## SOURCE RECORDS:
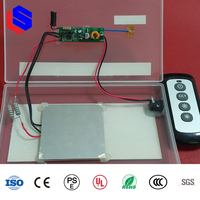 Circuit imprimé LED ODM pour lampe sur pied avec télécommande, conception personnalisée de composants électroniques pour éclairage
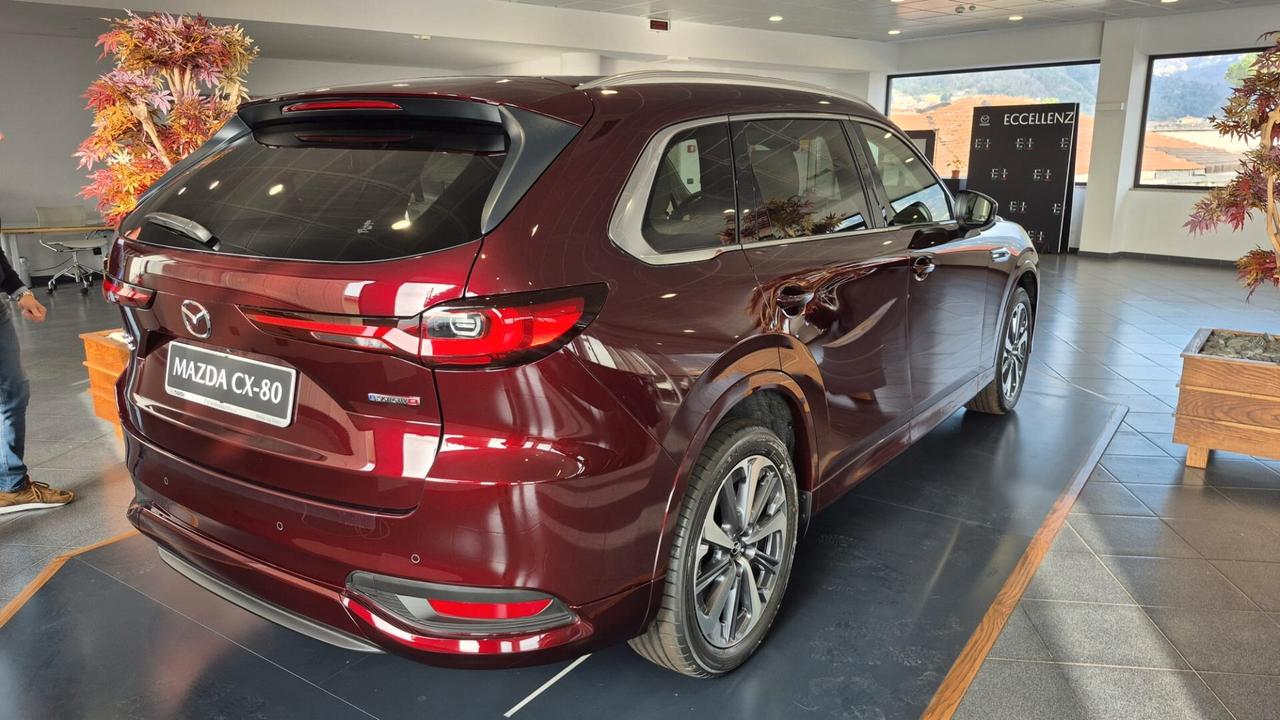 Mazda CX-80 3.3L e-Skyactiv D M Hybrid AWD Takumi Plus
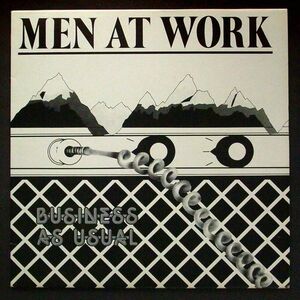 マスターサウンド MEN AT WORK メン・アット・ワーク / BUSINESS AS USUAL ワーク ソングス 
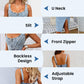 🍹2026 New Style🌤️Curvy-Friendly Denim Bodycon – U-Neck Cami Style That Turns Heads!
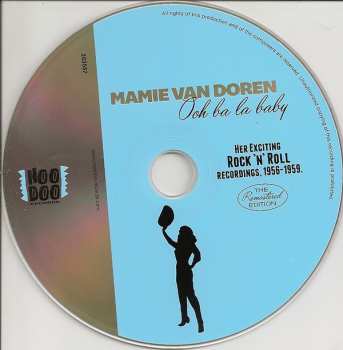 CD Mamie Van Doren: Oh Ba La Baby (Her Exciting Rock ’N’ Roll Recordings, 1956-1959)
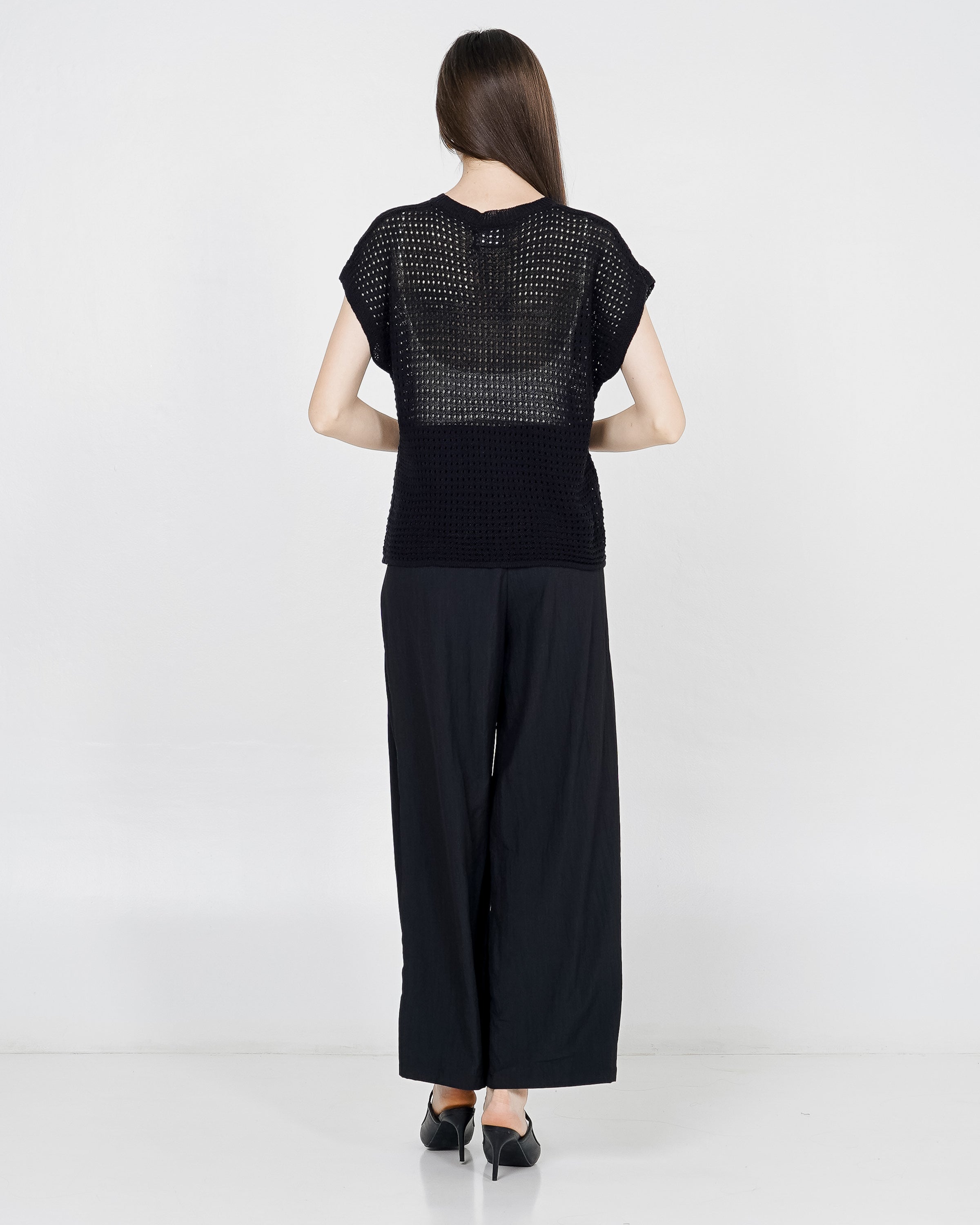 Oaklynn Top Black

## TRY IT:
An exact retyping of each record, with no pictures, is the answer required.

## TASK RESULT:
 Circuit imprimé LED ODM pour lampe sur pied avec télécommande, conception personnalisée de composants électroniques pour éclairage
 Mazda CX-80 3.3L e-Skyactiv D M Hybrid AWD Takumi Plus
 マスターサウンド MEN AT WORK メン・アット・ワーク / BUSINESS AS USUAL ワーク ソングス 
 🍹2026 New Style🌤️Curvy-Friendly Denim Bodycon – U-Neck Cami Style That Turns Heads!
 CD Mamie Van Doren: Oh Ba La Baby (Her Exciting Rock ’N’ Roll Recordings, 1956-1959)
 Oaklynn Top Black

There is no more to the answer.